Goal of the exercise >>
All lines below between the line with "Vue depuis un" and the line with "Todas las fotos", including both, must be copied exactly, and the pictures must be omitted.

Input data >>
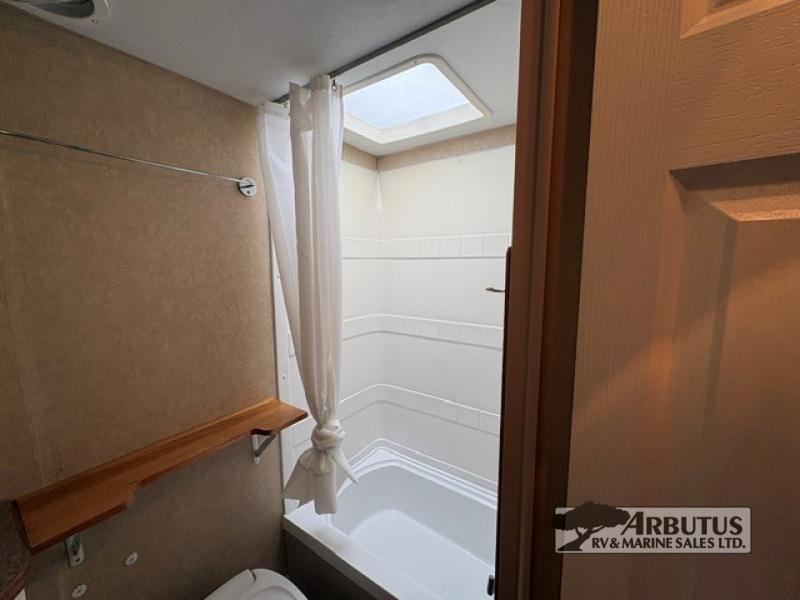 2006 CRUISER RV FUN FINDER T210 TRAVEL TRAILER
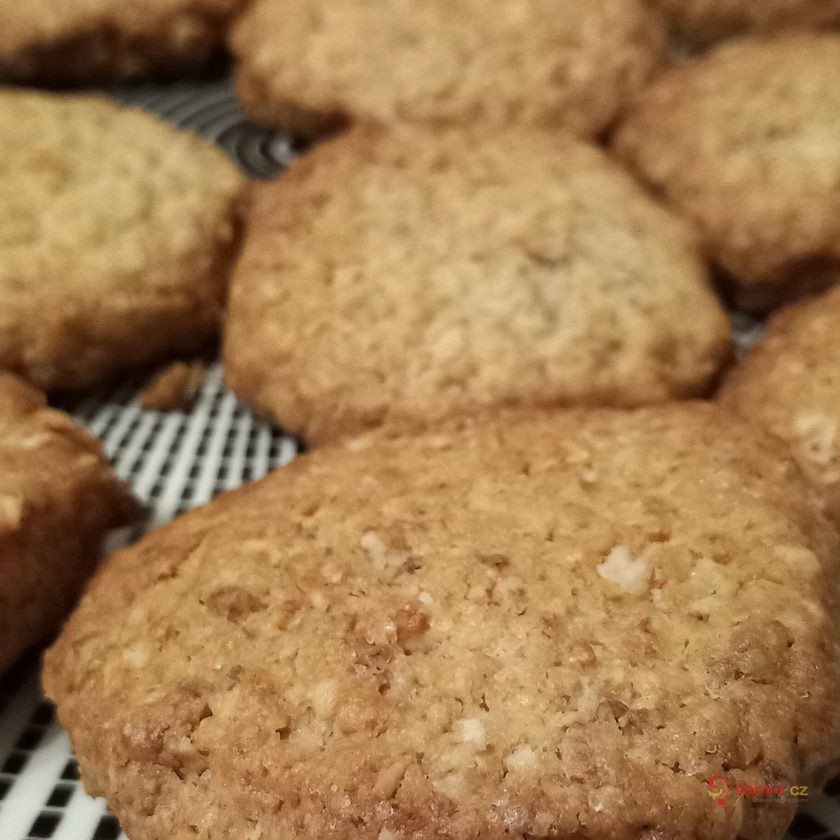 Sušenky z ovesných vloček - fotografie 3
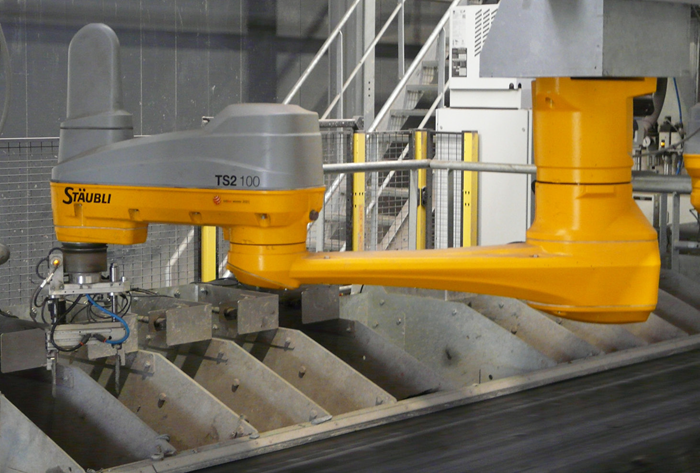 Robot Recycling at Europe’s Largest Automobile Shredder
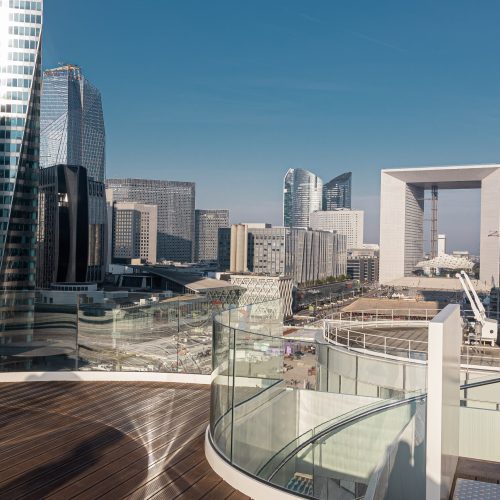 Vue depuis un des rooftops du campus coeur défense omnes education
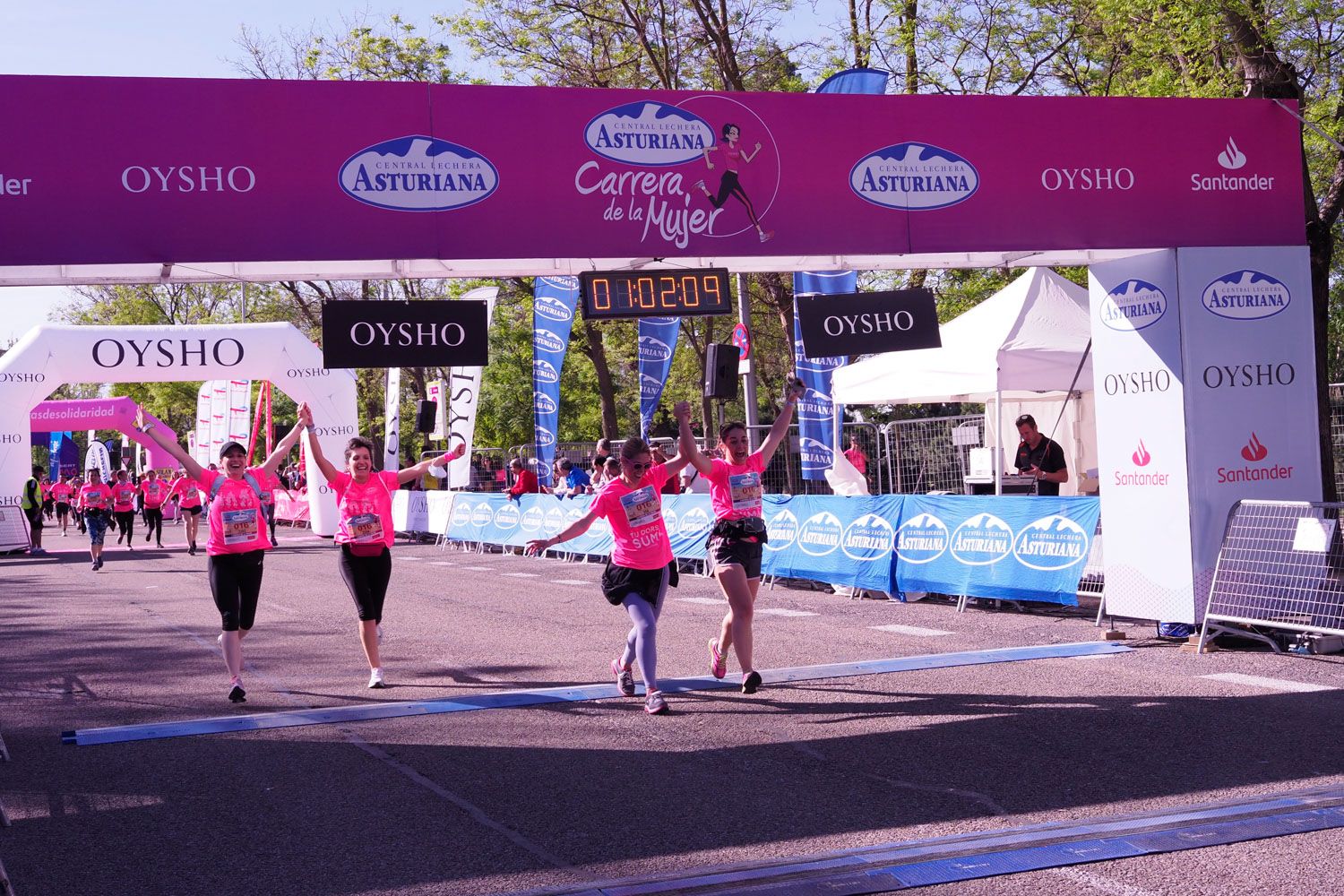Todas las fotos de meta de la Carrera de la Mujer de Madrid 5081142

--

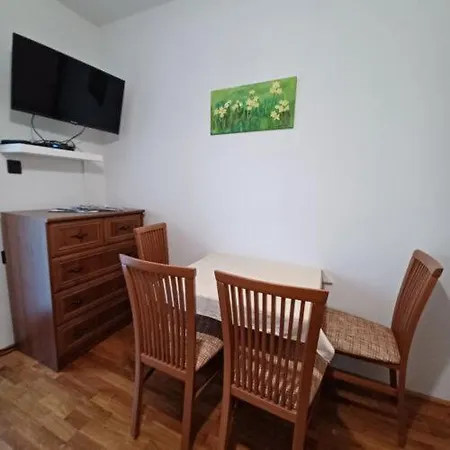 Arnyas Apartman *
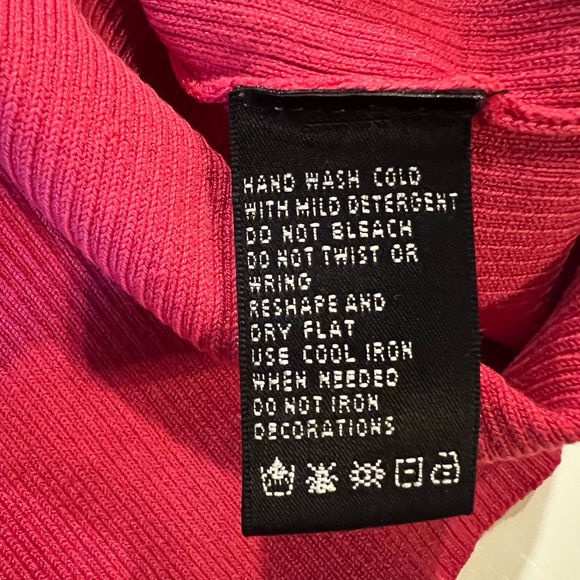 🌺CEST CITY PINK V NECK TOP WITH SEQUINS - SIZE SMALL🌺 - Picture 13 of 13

Response to the task >>
 Vue depuis un des rooftops du campus coeur défense omnes education
Todas las fotos de meta de la Carrera de la Mujer de Madrid 5081142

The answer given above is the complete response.